| Material supplied |
● ● ● ● ●

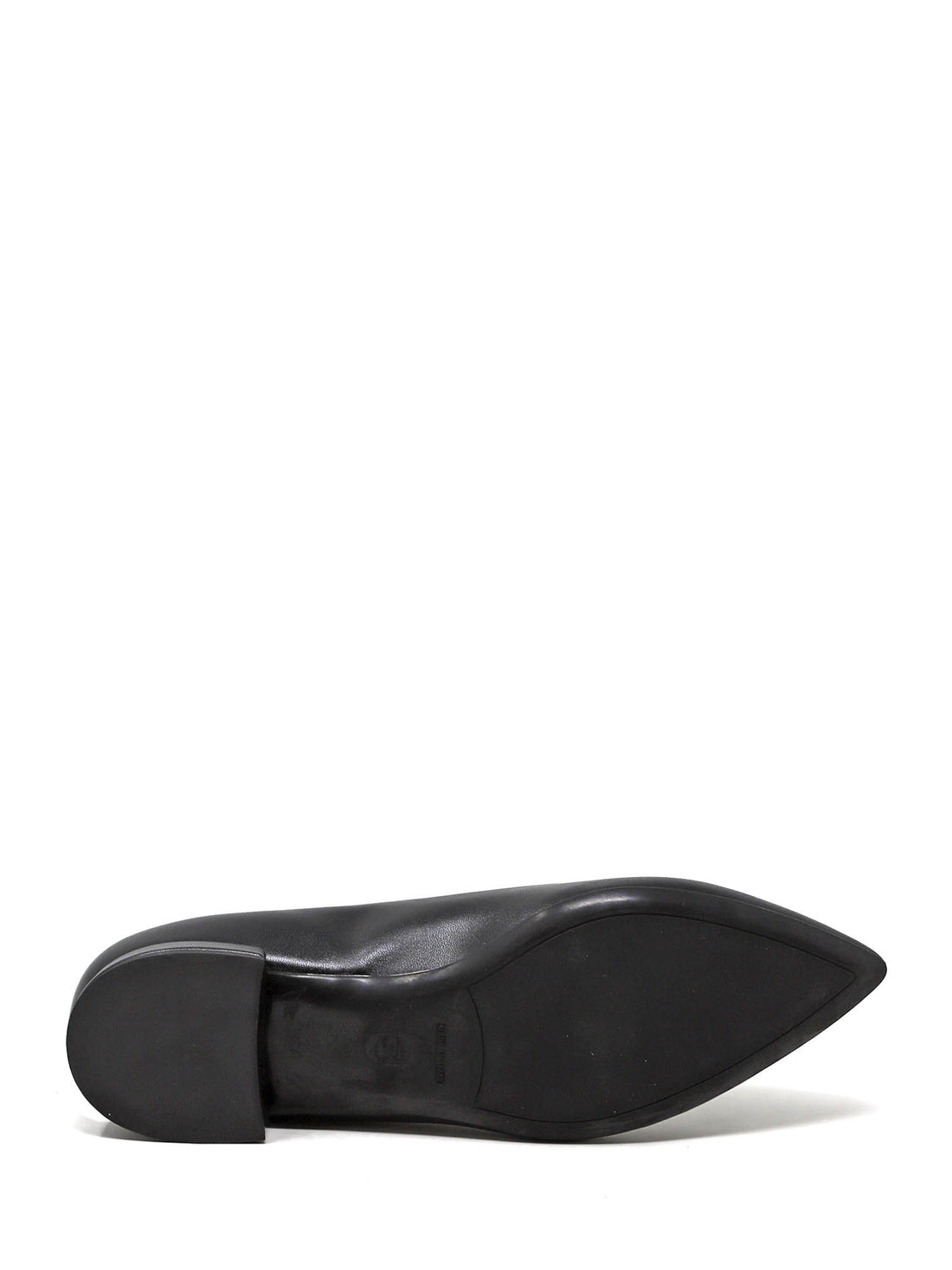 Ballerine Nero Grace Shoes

● ● ● ● ●

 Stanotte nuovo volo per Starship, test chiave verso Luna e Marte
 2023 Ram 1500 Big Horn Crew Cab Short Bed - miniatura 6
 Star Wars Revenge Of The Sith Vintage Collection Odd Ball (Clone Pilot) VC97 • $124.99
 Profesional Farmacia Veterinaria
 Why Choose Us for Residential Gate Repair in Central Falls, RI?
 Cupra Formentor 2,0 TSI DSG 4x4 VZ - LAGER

● ● ● ● ●

| Your goal |
Please copy the lines in the records above between the one holding "Profesional Farmacia Veterinaria" and the one holding "Cupra Formentor 2,0 TSI DSG 4x4 VZ - LAGER", inclusive, exactly and with no other line.

| Result for this task |
 Profesional Farmacia Veterinaria
 Why Choose Us for Residential Gate Repair in Central Falls, RI?
 Cupra Formentor 2,0 TSI DSG 4x4 VZ - LAGER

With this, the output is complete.